-- Data in this exercise follows --
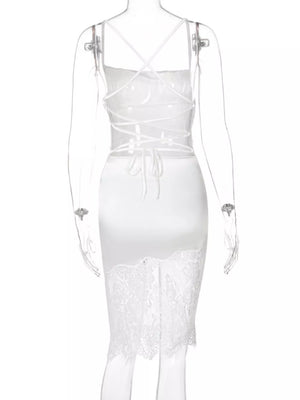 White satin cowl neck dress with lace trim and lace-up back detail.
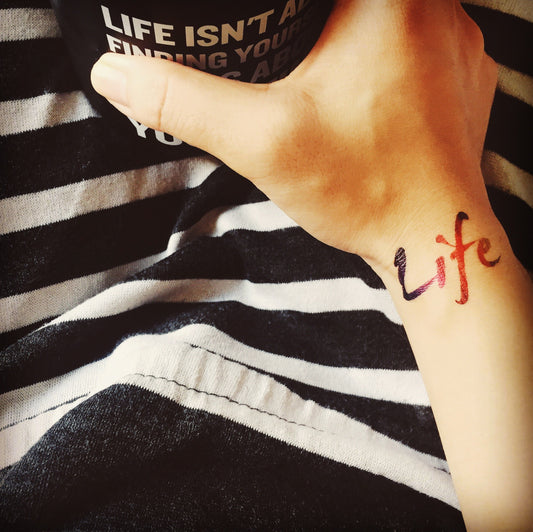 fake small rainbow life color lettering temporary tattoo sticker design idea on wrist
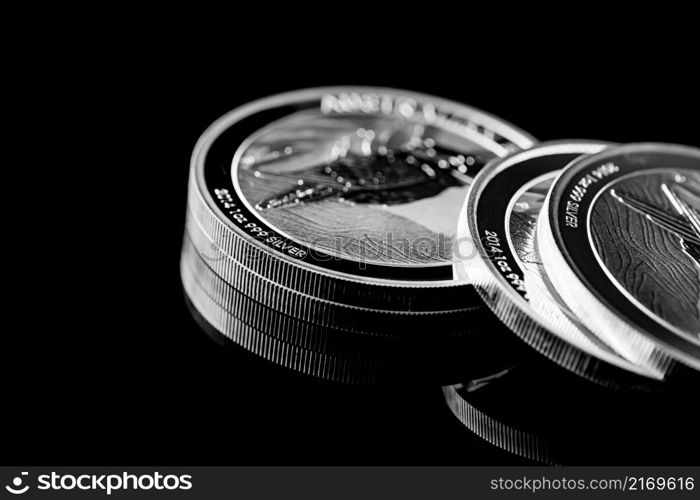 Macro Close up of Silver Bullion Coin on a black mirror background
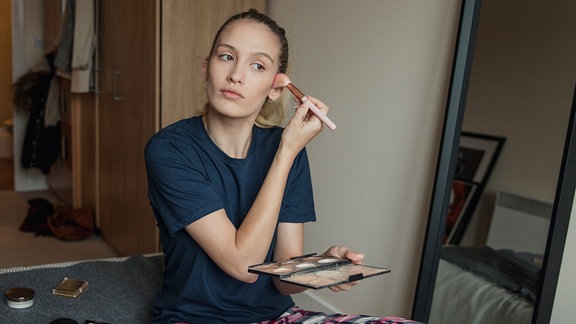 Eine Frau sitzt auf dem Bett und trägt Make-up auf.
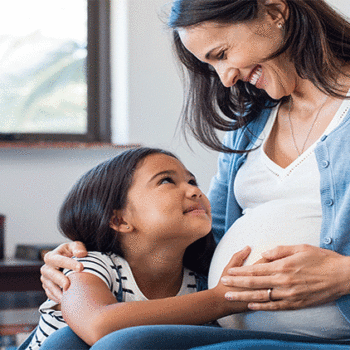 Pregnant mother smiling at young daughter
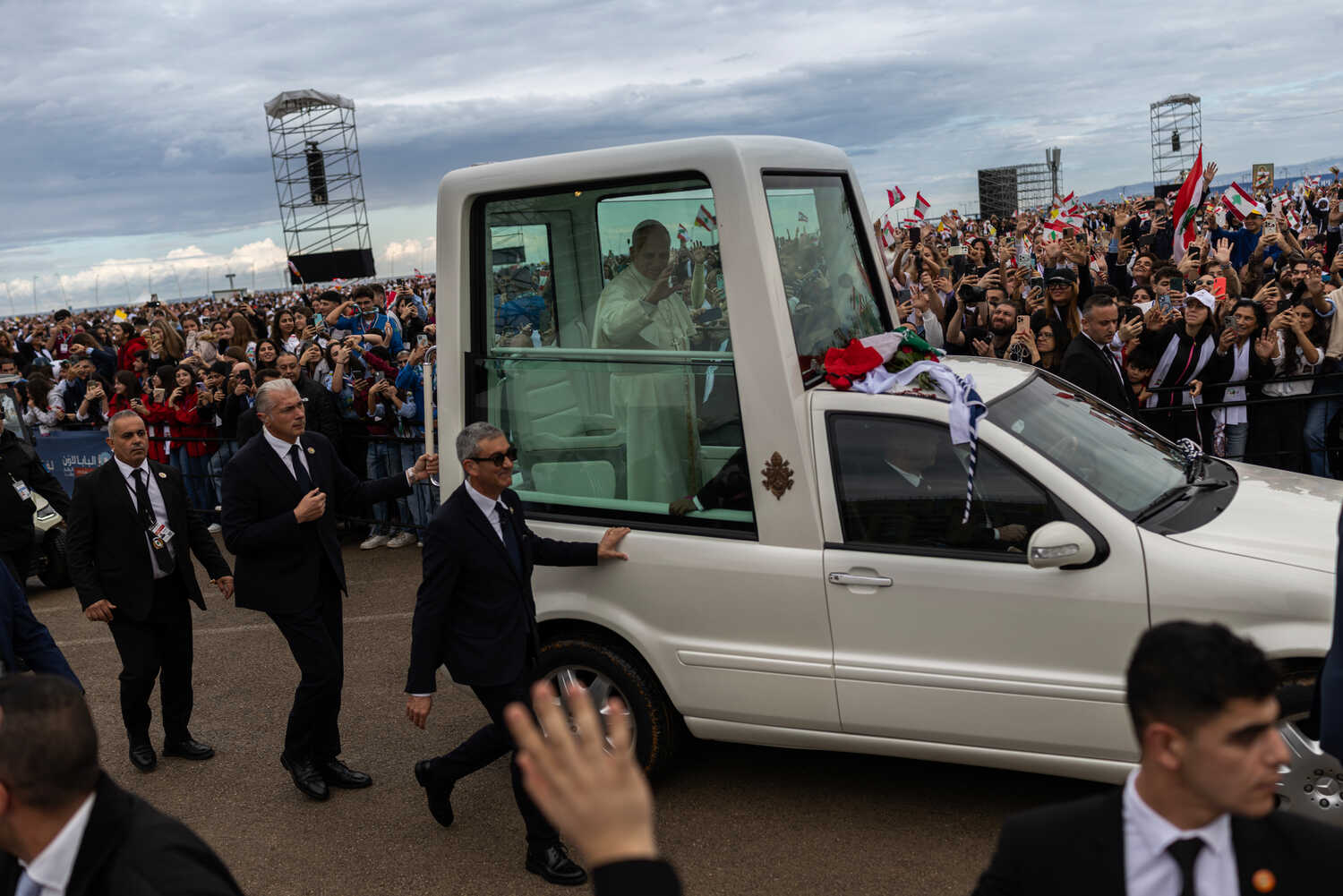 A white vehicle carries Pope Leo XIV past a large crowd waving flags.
-- Data in this exercise concluded --
-- Data in this exercise follows --
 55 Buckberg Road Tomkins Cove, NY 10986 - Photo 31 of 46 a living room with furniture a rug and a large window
-- Data in this exercise concluded --
# Task to carry out
Go back to the lines above and output, exactly as they stand, the ones from the line containing "Pregnant mother smiling at young daughter" to the line containing "A white vehicle". Leave all pictures behind.

# Output for this task
 Pregnant mother smiling at young daughter
 A white vehicle carries Pope Leo XIV past a large crowd waving flags.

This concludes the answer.